Exxon wants more compensation from the Chavez government after it took control of Exxon oil projects last year.
The US is the biggest market for Venezuela's heavy crude oil exports.
President Chavez has threatened several times before to stop sending Venezuelan oil to the US but so far not done so.
Nevertheless, his comments during his weekly televised address, took sharp aim at Exxon Mobil and, by extension, the Bush administration.
He described Exxon's management as imperialist bandits who form part of a US government-backed campaign to destabilise Venezuela.
"If you end up freezing [Venezuelan] assets and it harms us, we're going to harm you," Mr Chavez said.
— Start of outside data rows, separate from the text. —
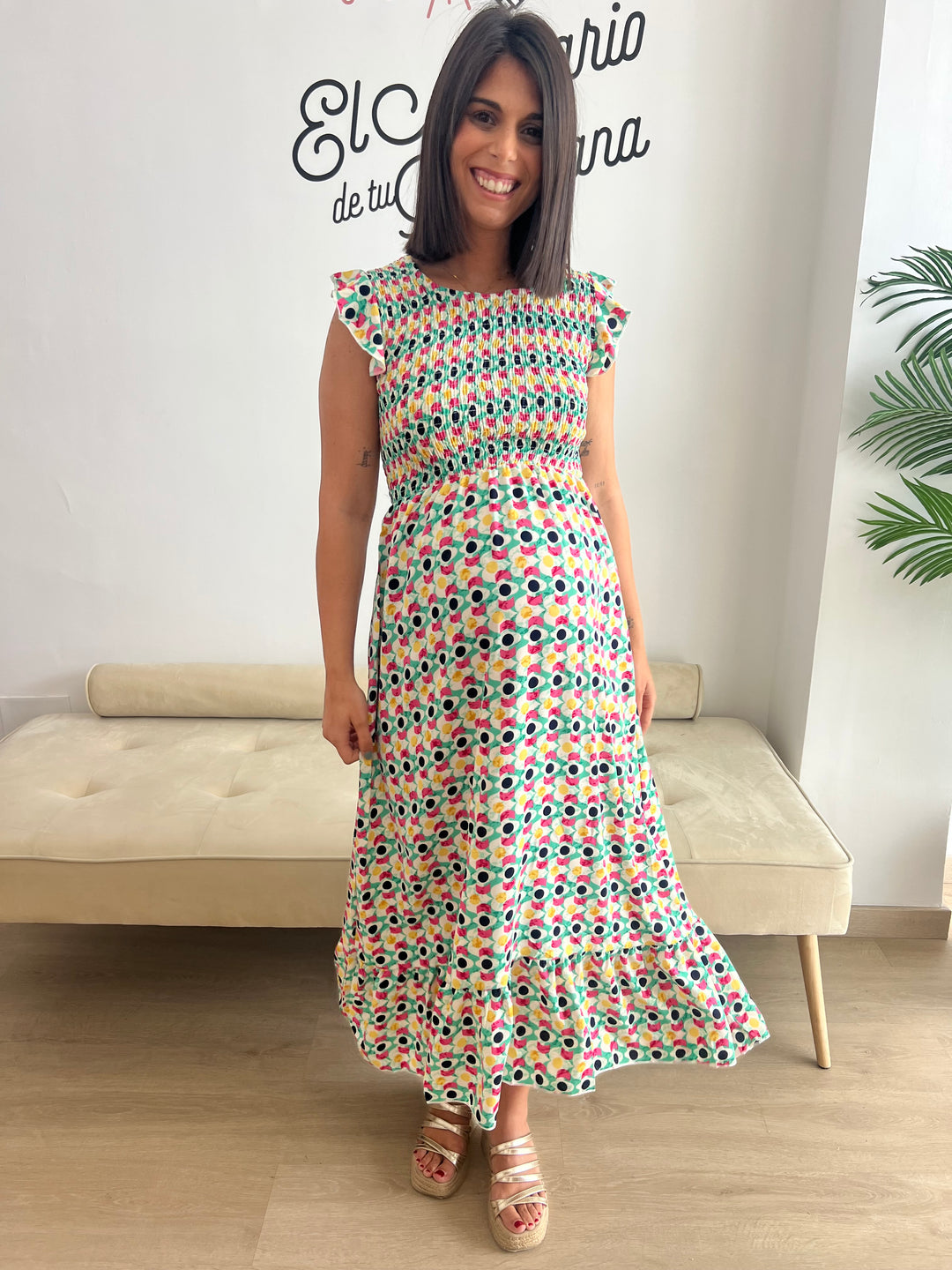 Vestido Malena verde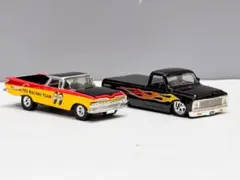 ホットウィール ホットワンズ '80s エルカミーノブラックウォール 2台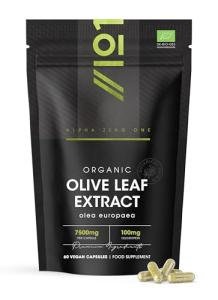 Organic Olive Leaf Extract 7500mg – 60 Vegan Capsules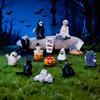 10PCS Desktop Ornament Halloween Pumpkin Decor Horror Ghost Decorations  For Desktop Display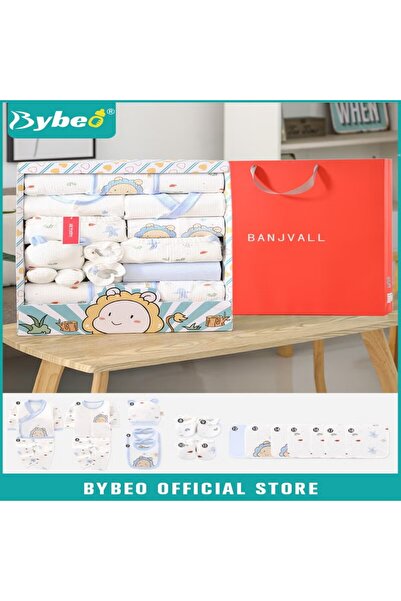 BYBEO مجموعة هدايا للمواليد الجدد مكونة من 18 قطعة، طقم ملابس أساسي للأولاد و...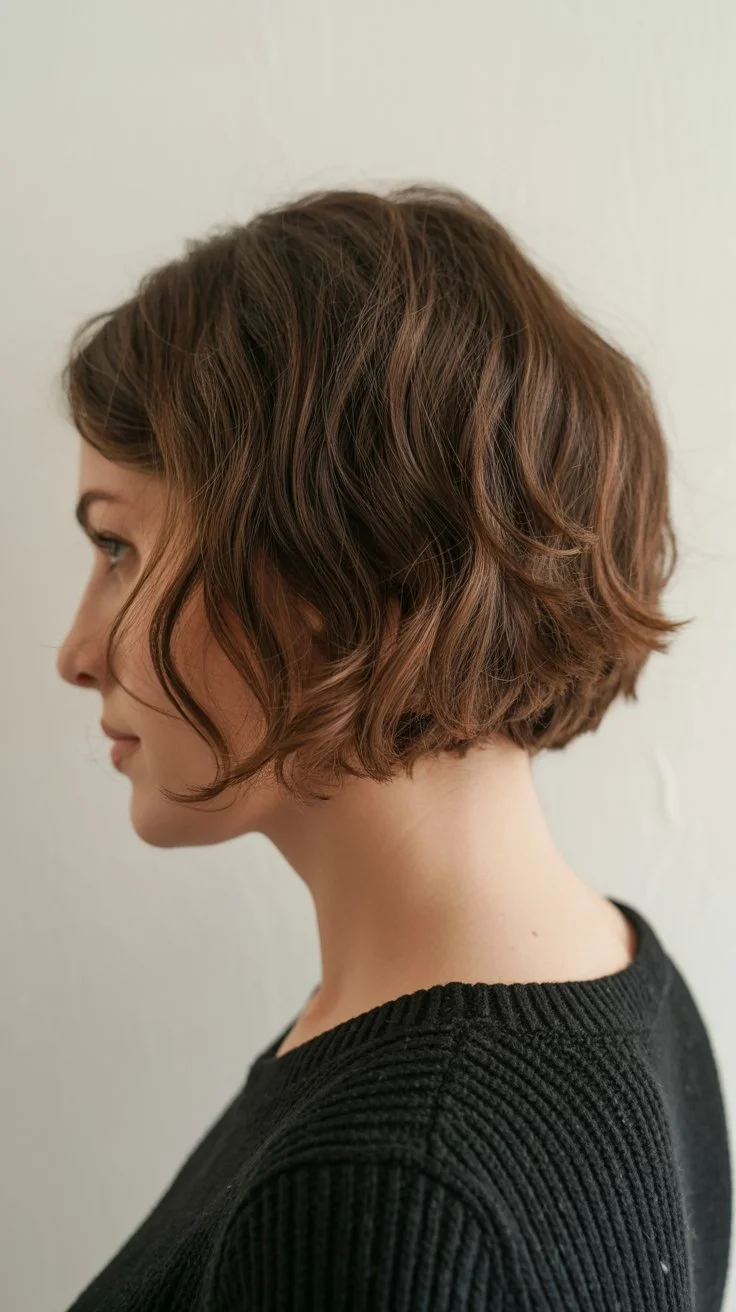 modern summer haircuts for women over 30 2026 short textured bob haircut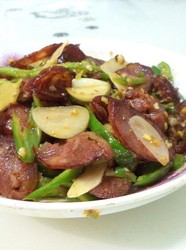 青椒炒香肠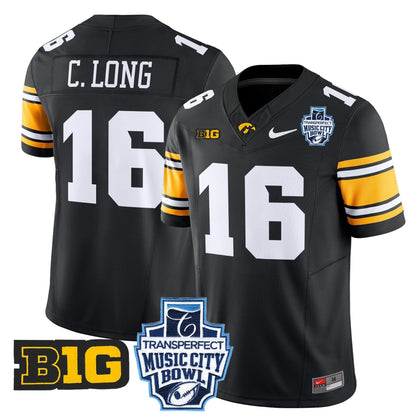 Iowa Hawkeyes 2024 Music City Bowl Vapor Limited Jersey - All Stitched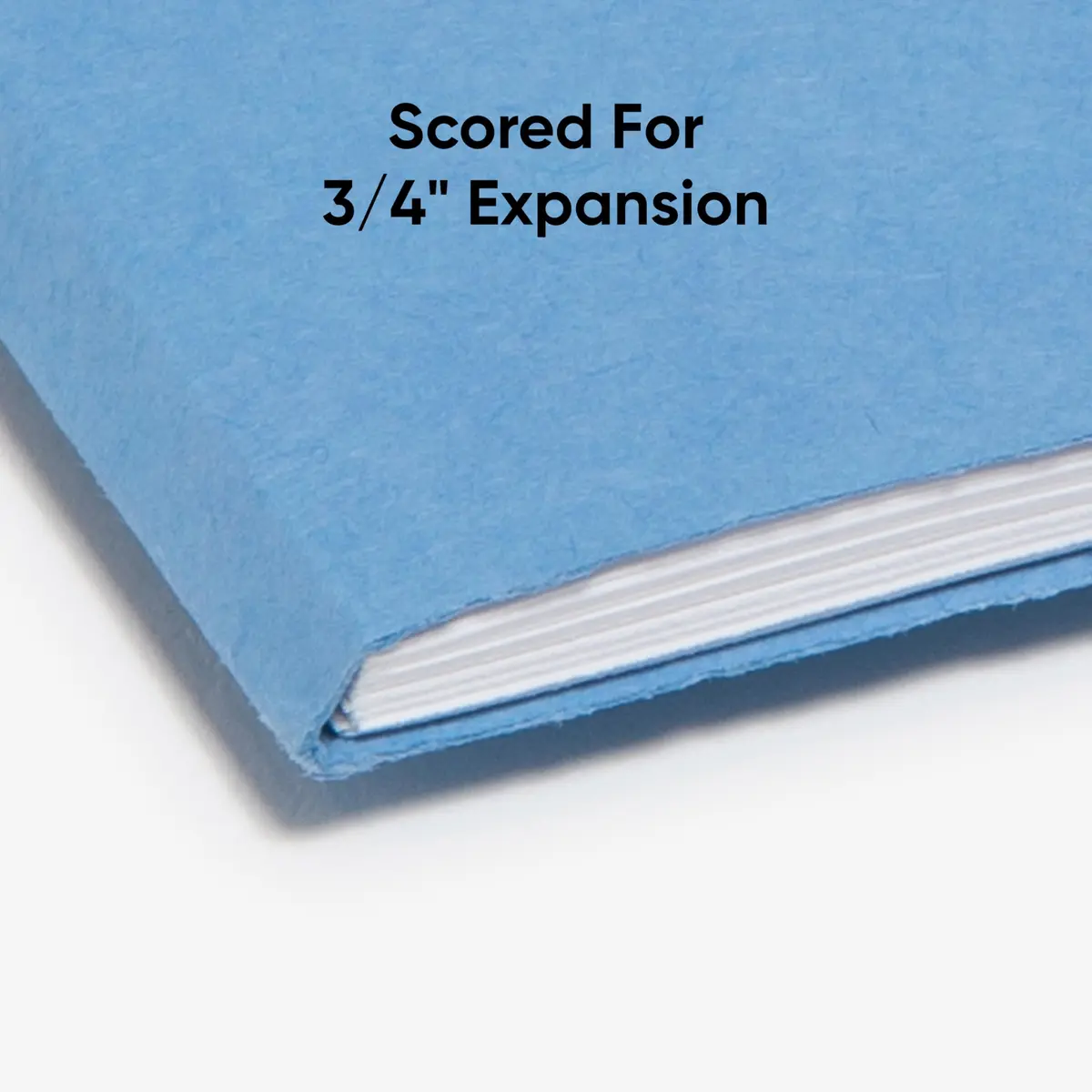 SMEAD Blue Fastener File Folders with Prongs, 3 Tab Letter Size | Durable, Environmentally Responsible Office Organizer - view 5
"Do you know how? We aren't going to send oil to the US. Take note, Mr Bush, Mr Danger."
At the heart of the dispute is last year's decision to take over oil projects in the Orinoco Belt, a move Mr Chavez has argued will bring billions of dollars back to the Venezuelan people.
Exxon Mobil refused to sell a majority stake to the Venezuelan government.
It has taken its case for compensation to the International Centre for Settlement of Investment Disputes, a process that could take years.
It has not indicated how much compensation it wants for the 41.7% stake in the Orinoco Belt oil field - worth an estimated $750m (£370m).
Last week, the company won temporary court orders in the UK, the Netherlands and the Caribbean freezing Venezuelan assets worth up to $12bn (£6bn).
Another order in a New York court froze up to $315m of funds of the state-run Venezuelan oil company, PDVSA.
Further hearings are scheduled later this month in New York and London.
It will be a tough fight, says the BBC's James Ingham in Caracas.
Mr Chavez is a strong leader who rails against what he calls the evils of capitalism while Exxon is renowned as a tough corporate player.
Cutting off oil deliveries to the US would be damaging to Caracas as well as Washington.
The US is not only Venezuela's biggest market but is also home to refineries that specialise in the heavy sour crude oil Venezuela exports.
The threat, then, may be too risky for Mr Chavez to carry out, our correspondent says.